TRY IT: Look below for the line that contains "درگذشت جانکاه و", then copy it and each following line to the end of the records, minus any pictures.
------ THE DATA ------
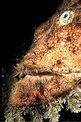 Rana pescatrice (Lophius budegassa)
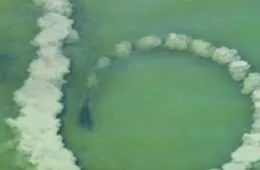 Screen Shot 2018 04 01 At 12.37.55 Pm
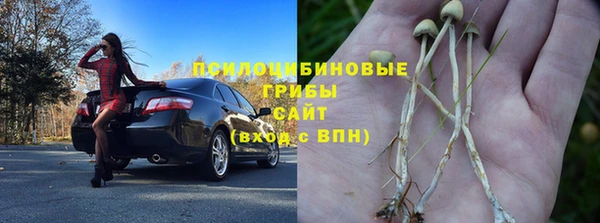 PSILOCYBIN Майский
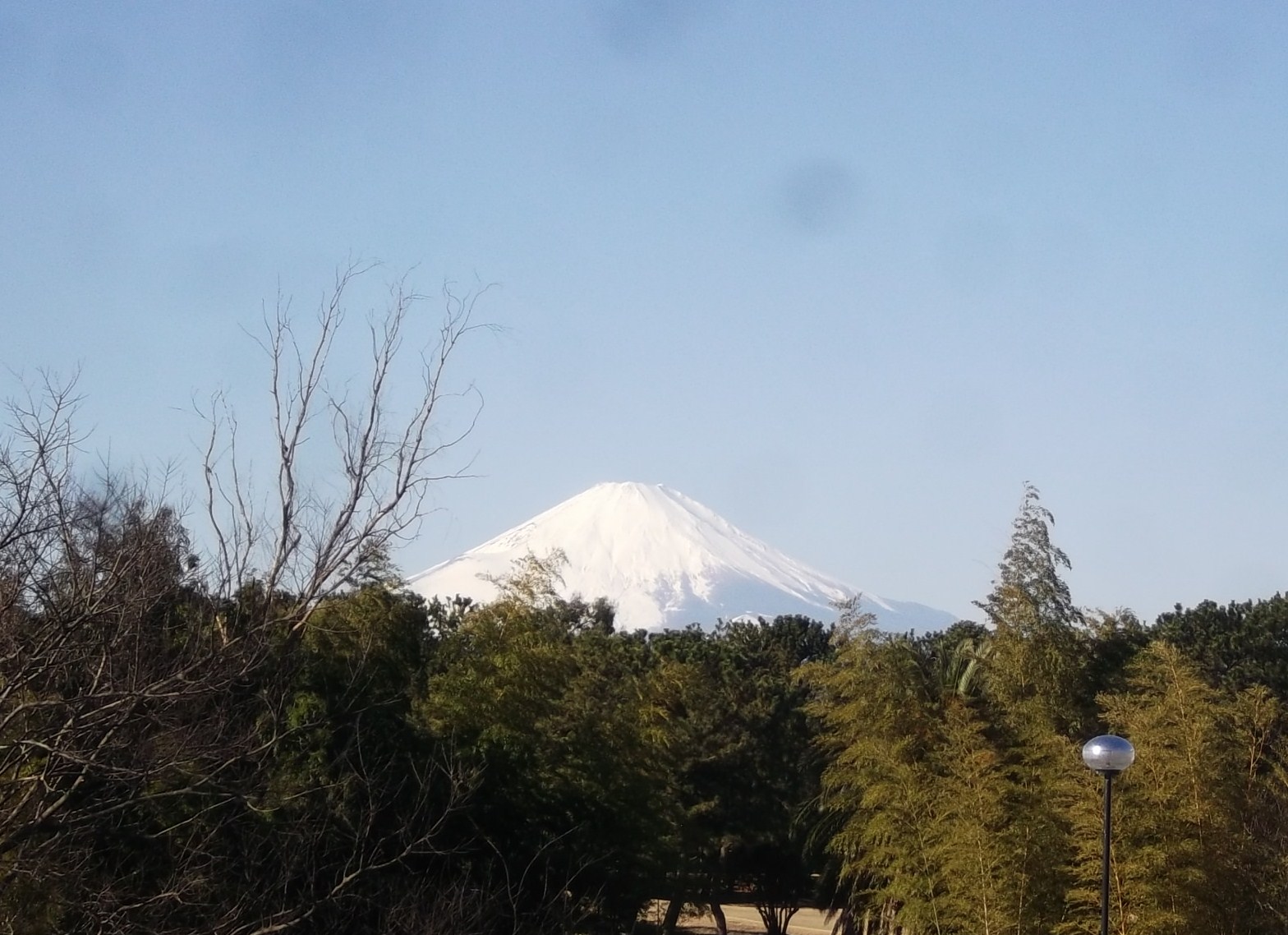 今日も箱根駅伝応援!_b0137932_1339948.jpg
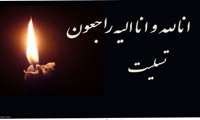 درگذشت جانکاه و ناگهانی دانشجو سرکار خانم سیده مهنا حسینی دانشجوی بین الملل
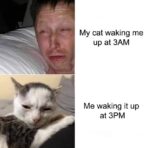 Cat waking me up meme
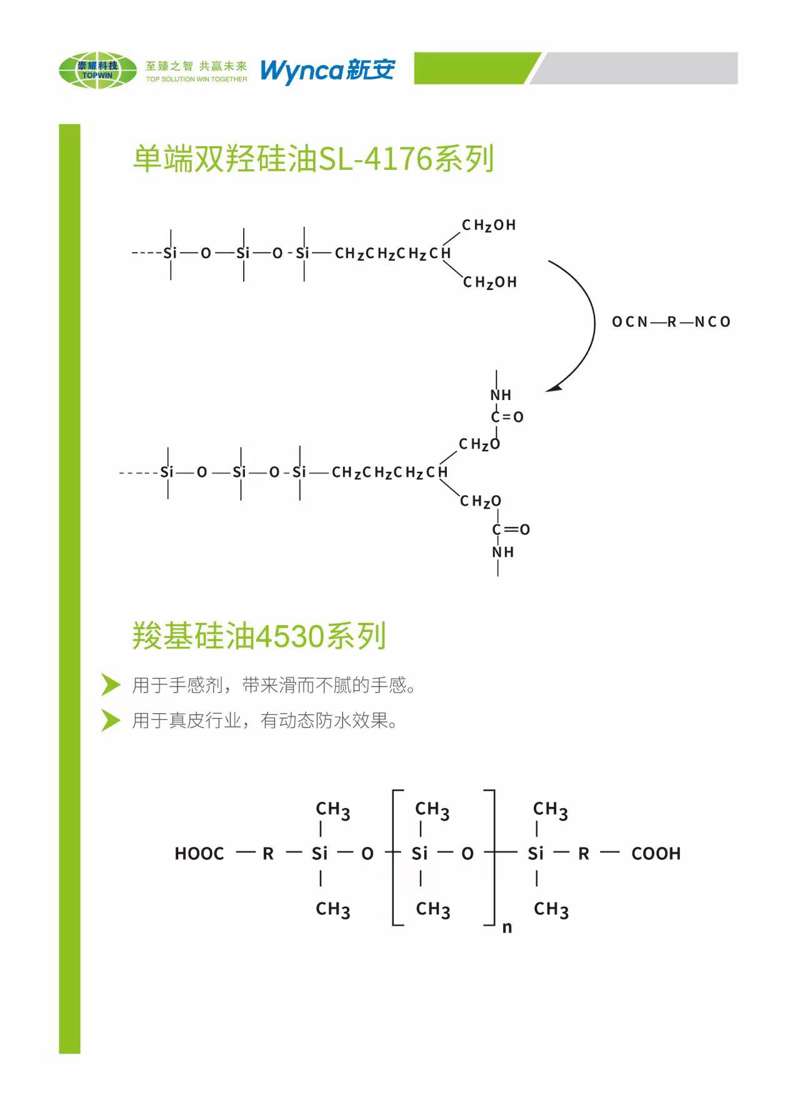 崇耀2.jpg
------
SOLUTION TO THE EXERCISE:
 درگذشت جانکاه و ناگهانی دانشجو سرکار خانم سیده مهنا حسینی دانشجوی بین الملل
 Cat waking me up meme
 崇耀2.jpg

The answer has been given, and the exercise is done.